This chapter provides an overview of the physical and architectural aspects of your SGI Altix Integrated Compute Environment (ICE) 8000 series system. The major components of the Altix ICE systems are described and illustrated.
Because the system is modular, it combines the advantages of lower entry-level cost with global scalability in processors, memory, InfiniBand connectivity and I/O. You can install and operate the Altix ICE 8000 series system in your lab or server room. Each 42U SGI rack holds from one to four 10U-high individual rack units (IRUs) that support up to sixteen compute/memory cluster sub modules known as “blades.” These blades are single printed circuit boards (PCBs) with ASICS, processors, memory components and I/O chip sets mounted on a mechanical carrier. The blades slide directly in and out of the IRU enclosures. Every processor node blade contains at least two dual-inline memory modules (DIMM) memory units.

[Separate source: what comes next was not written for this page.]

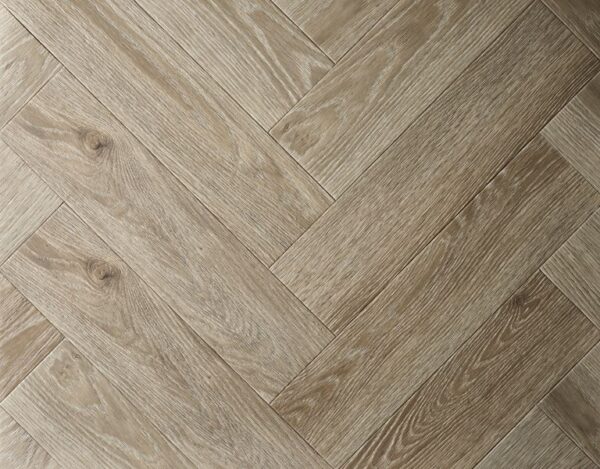 Textures Registered Embossed Dryback Herringbone Luxury Vinyl Tile - Ash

Each blade supports two processor sockets that can have two or 4 processor cores. A maximum system size of 64 compute/memory blades (512 cores) per rack is supported at the time this document was published. Optional chilled water cooling may be required for large processor count rack systems. Customers wishing to emphasize memory capacity over processor count can choose blades configured with only one processor installed per blade. Contact your SGI sales or service representative for the most current information on these topics.

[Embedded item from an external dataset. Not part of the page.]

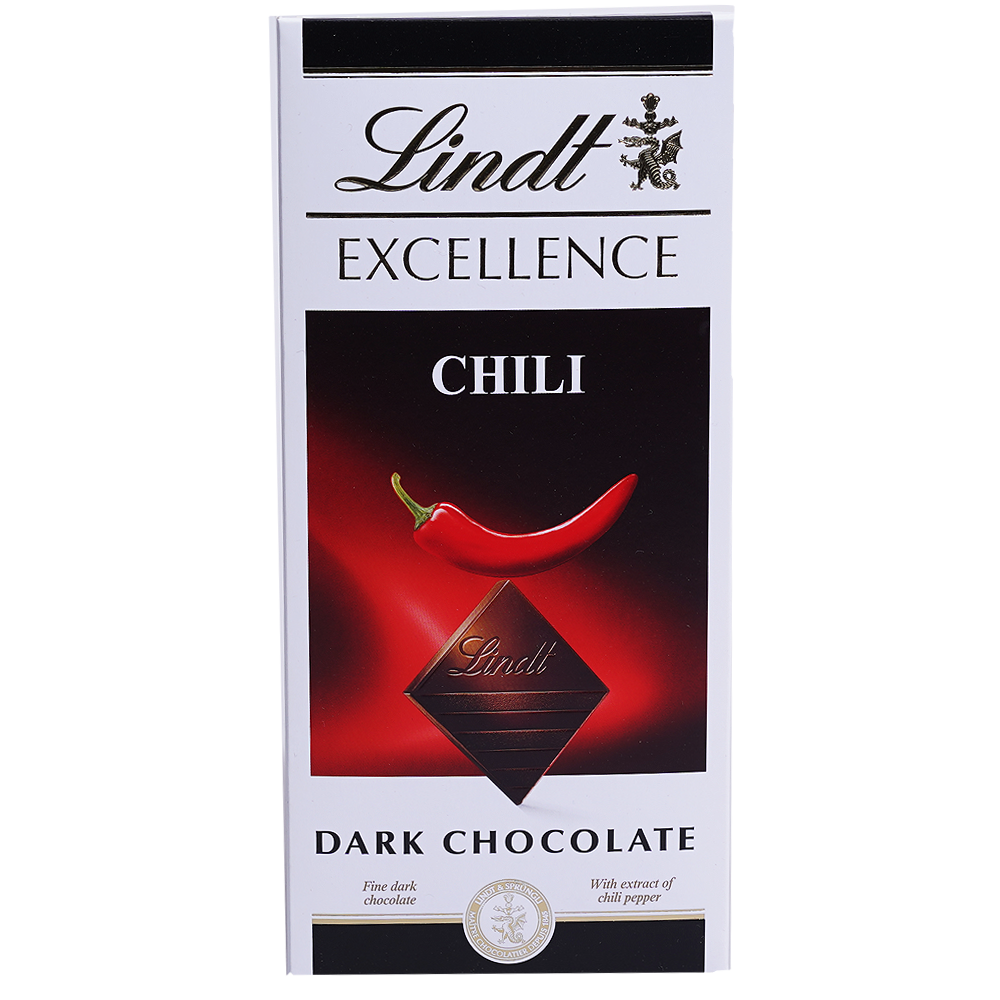 Lindt EXCELLENCE Шоколад chili 100 г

The SGI Altix ICE 8000 series systems can run parallel programs using a message passing tool like the Message Passing Interface (MPI). The ICE blade system uses a distributed memory scheme as opposed to a shared memory system like that used in the SGI Altix 450 or Altix 4700 high-performance compute servers. Instead of passing pointers into a shared virtual address space, parallel processes in an application pass messages and each process has its own dedicated processor and address space. This chapter consists of the following sections:
The basic enclosure within the Altix ICE system is the 10U high (17.5 inch or 44.45 cm) “individual rack unit” (IRU). The IRU enclosure supports a maximum of 16 compute/memory blades, up to eight power supplies, one chassis manager interface and two InfiniBand architecture I/O fabric switch interface blades. Each IRU comes with 4x or optional 12x InfiniBand fabric switch blades.
The 42U rack for this server houses all IRU enclosures, option modules, and other components; up to 128 processor sockets (512 processor cores) in a single rack. Note that optional water chilled rack cooling may be required for systems with high processor counts.
Figure 3-1 shows an example configuration of a single-rack Altix ICE 8000 server.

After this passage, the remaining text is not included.